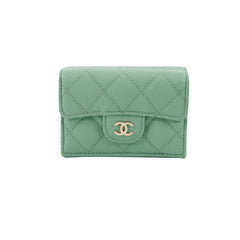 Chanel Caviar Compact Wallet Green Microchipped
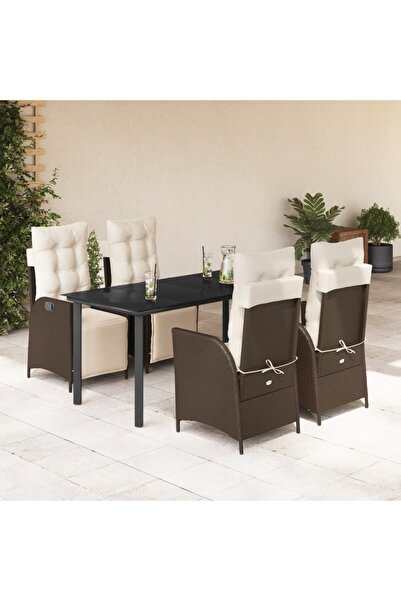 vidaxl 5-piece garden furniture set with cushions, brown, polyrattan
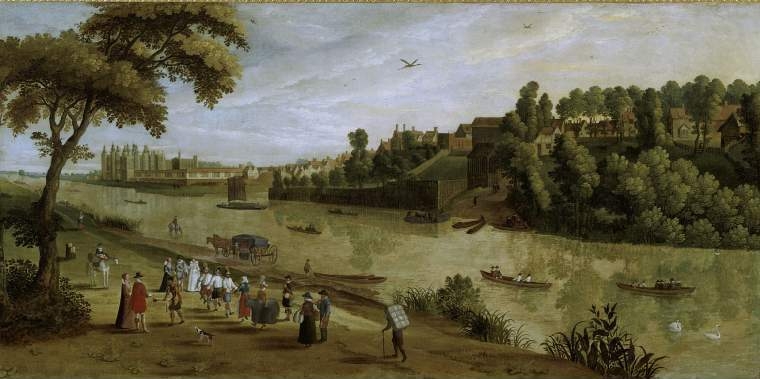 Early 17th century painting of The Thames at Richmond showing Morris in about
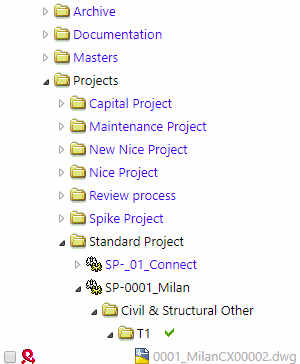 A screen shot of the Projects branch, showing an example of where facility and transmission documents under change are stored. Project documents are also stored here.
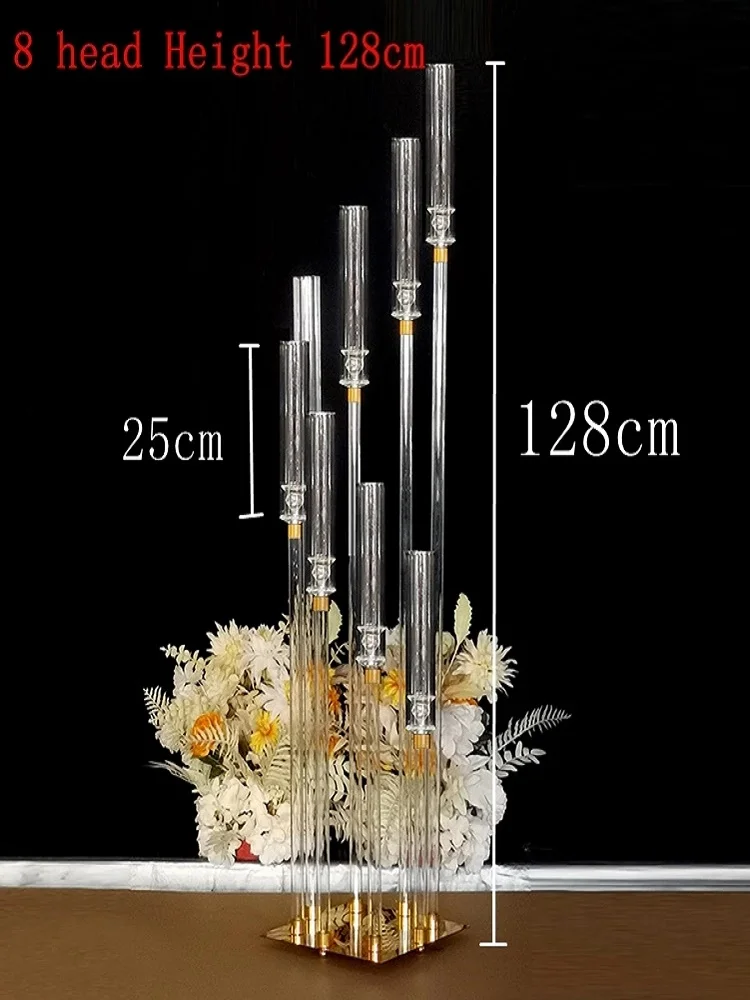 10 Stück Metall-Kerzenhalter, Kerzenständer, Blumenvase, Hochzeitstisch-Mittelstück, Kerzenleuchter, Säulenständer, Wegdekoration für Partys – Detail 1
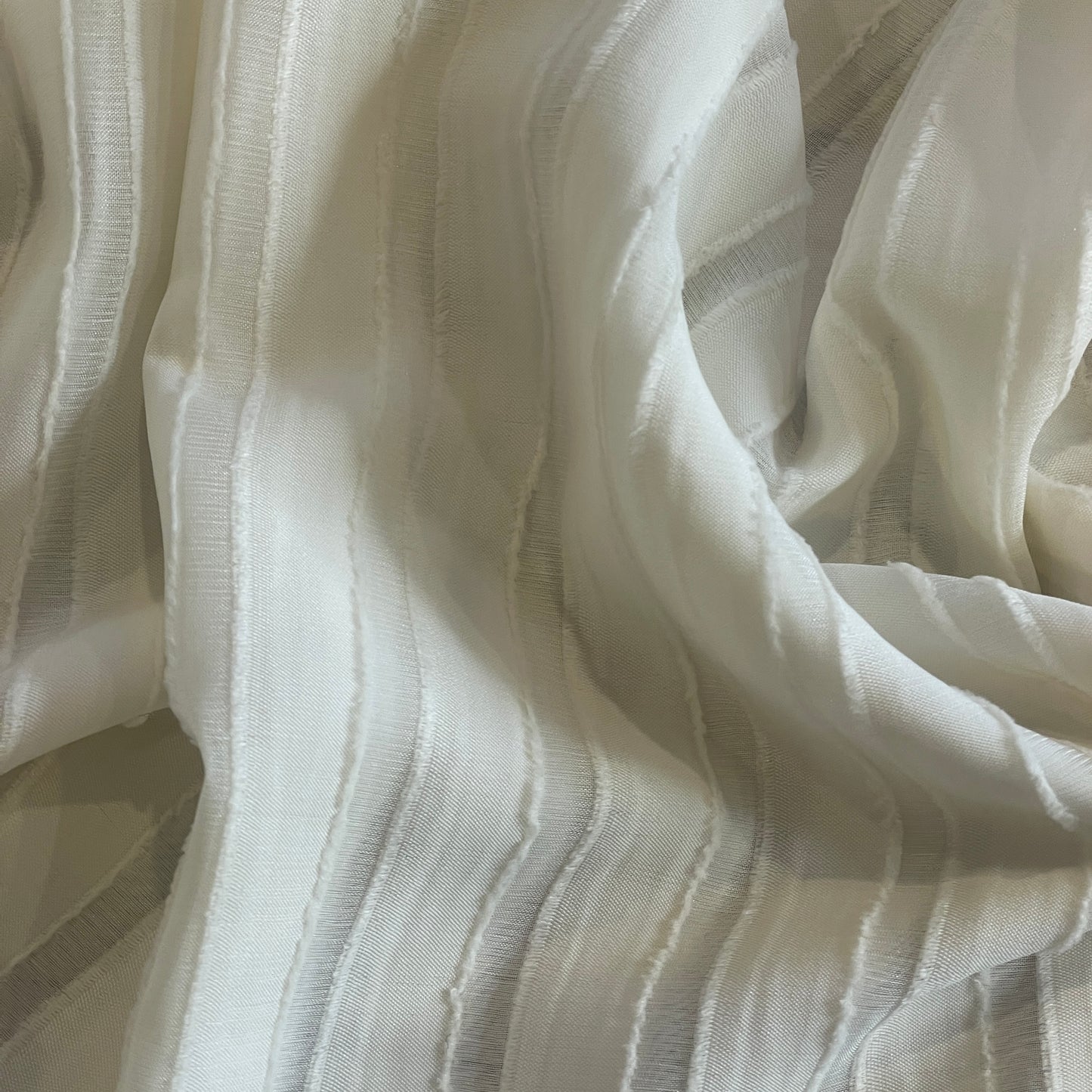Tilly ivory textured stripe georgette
* * *
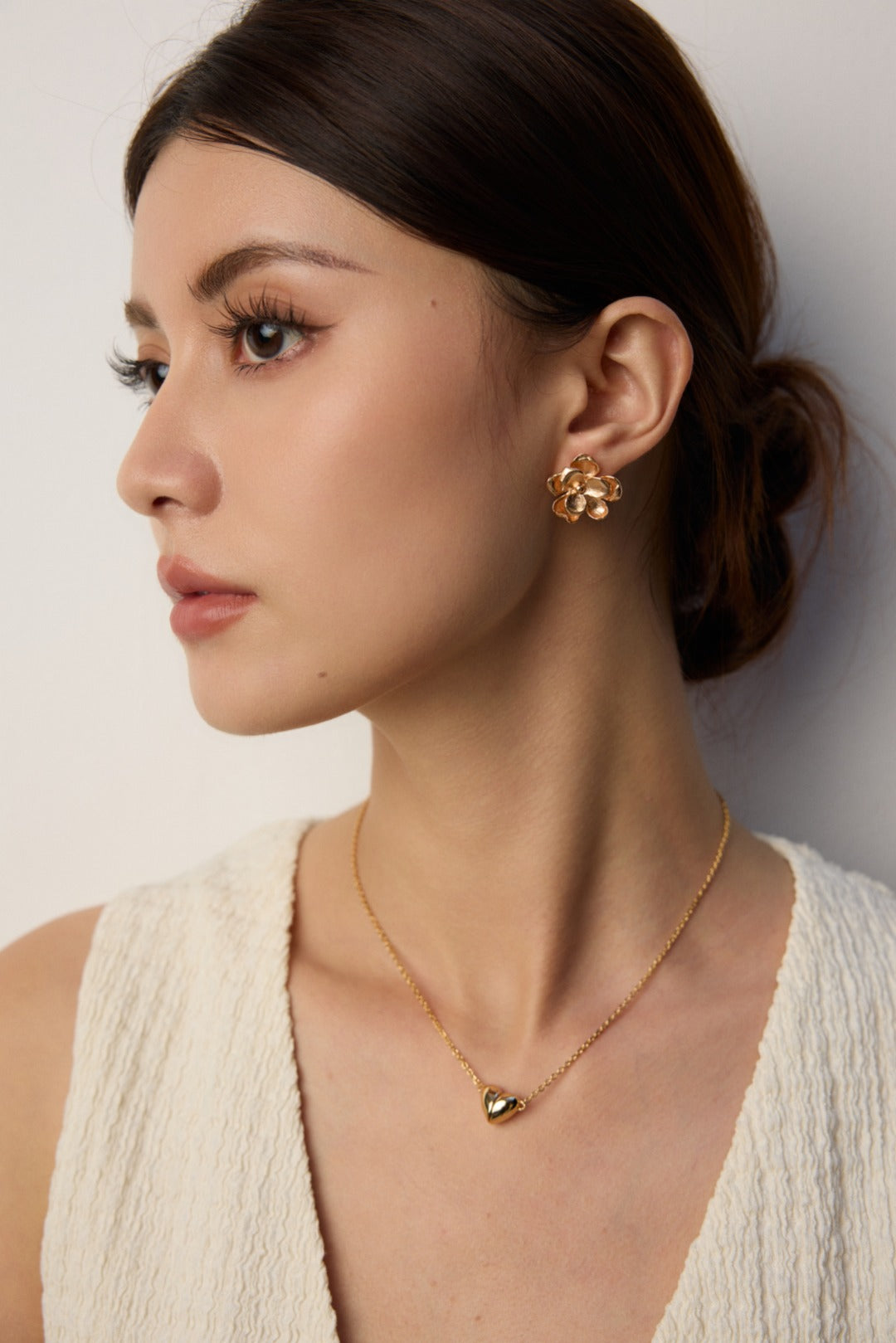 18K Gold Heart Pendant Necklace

> **WORK ITEM**
Out of the records above, please copy exactly the lines from the line with "Chanel Caviar Compact" up to and including the line with "Early 17th century", minus the pictures.

> **ANSWER FOR THE TASK**
 Chanel Caviar Compact Wallet Green Microchipped
 vidaxl 5-piece garden furniture set with cushions, brown, polyrattan
 Early 17th century painting of The Thames at Richmond showing Morris in about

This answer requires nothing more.